Records to process section start

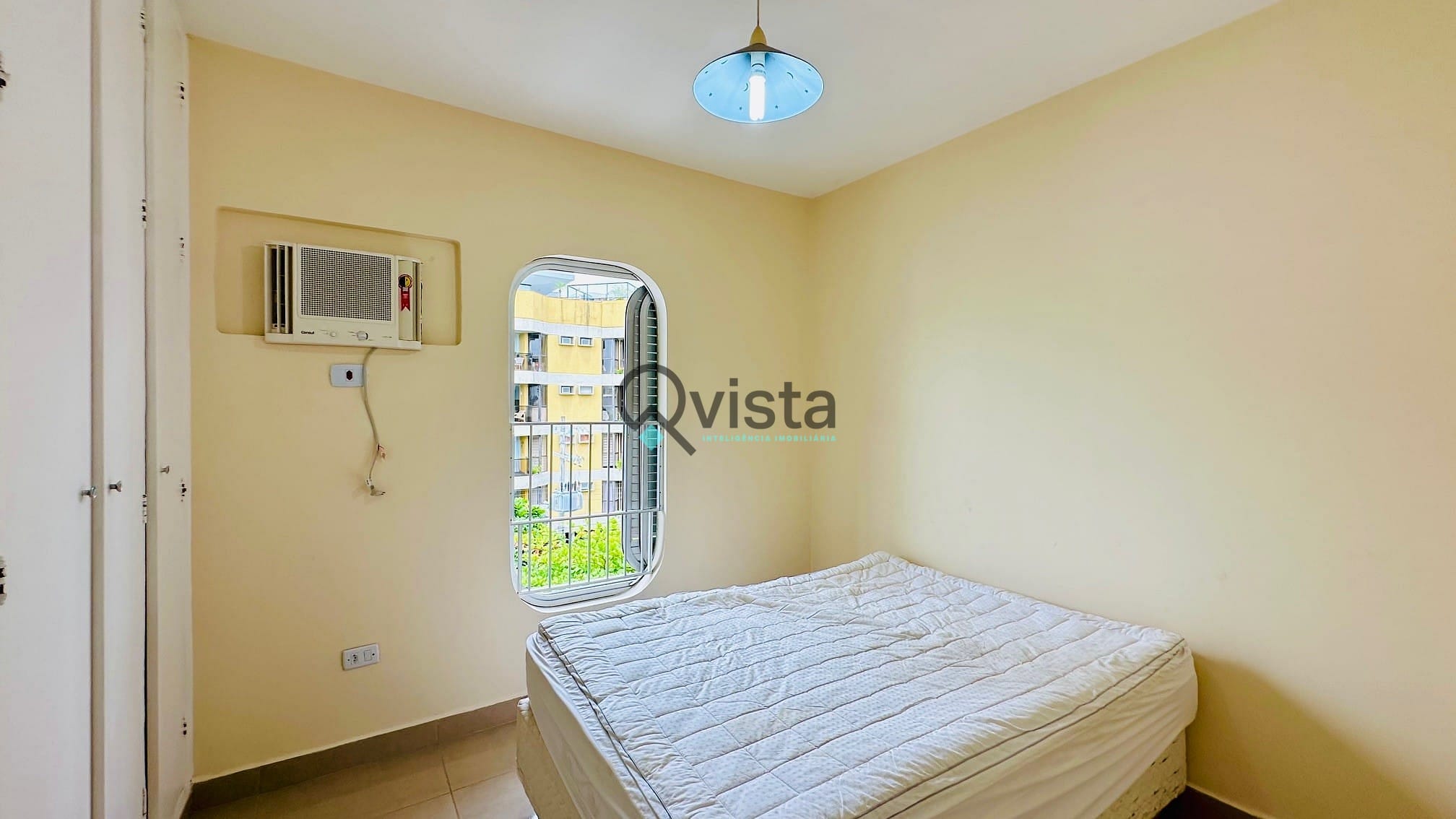 Apartamento, 4 quartos, 94 m² - Foto 5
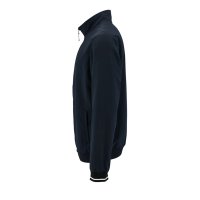  Ralph, -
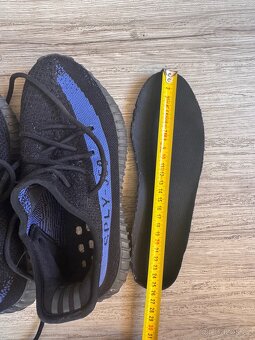 Chlapecké tenisky Adidas vel 38 - 6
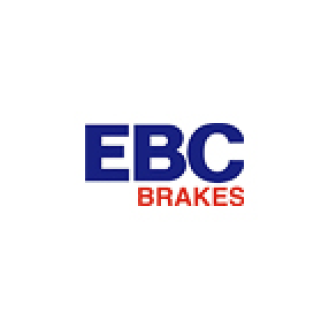 Ebc brakes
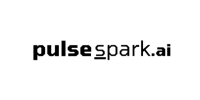 PulseSpark AI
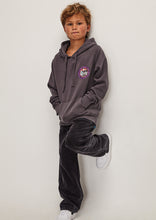 Load image into Gallery viewer, Coastal Worker Pants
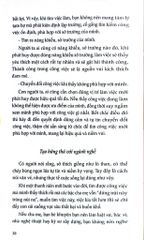 Cẩm Nang Thành Công Trong Công Việc - Nguyễn Hữu Thăng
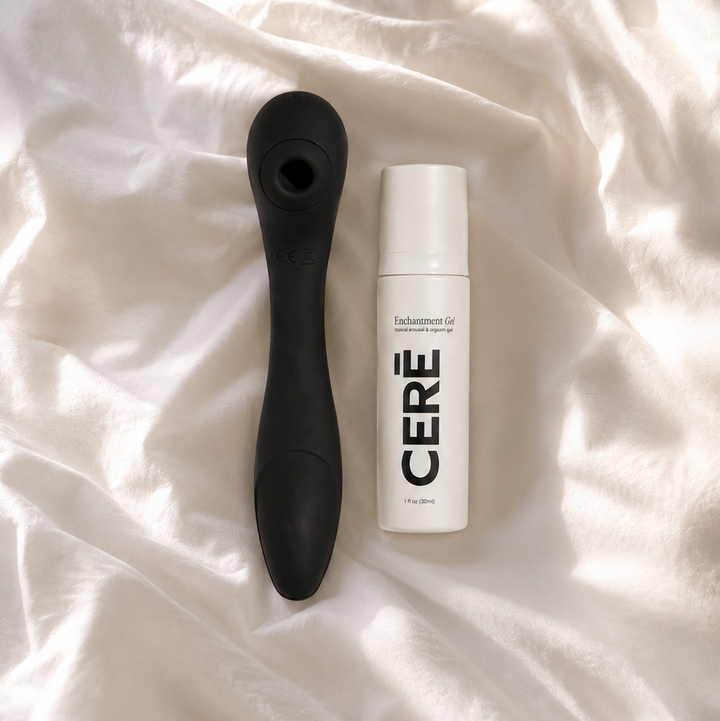 Go-To Morning Bundle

Records to process section end

Pictures stay out; the records above are otherwise reproduced exactly.

* [Task response]:
 Apartamento, 4 quartos, 94 m² - Foto 5
  Ralph, -
 Chlapecké tenisky Adidas vel 38 - 6
 Ebc brakes
 PulseSpark AI
 Load image into Gallery viewer, Coastal Worker Pants
 Cẩm Nang Thành Công Trong Công Việc - Nguyễn Hữu Thăng
 Go-To Morning Bundle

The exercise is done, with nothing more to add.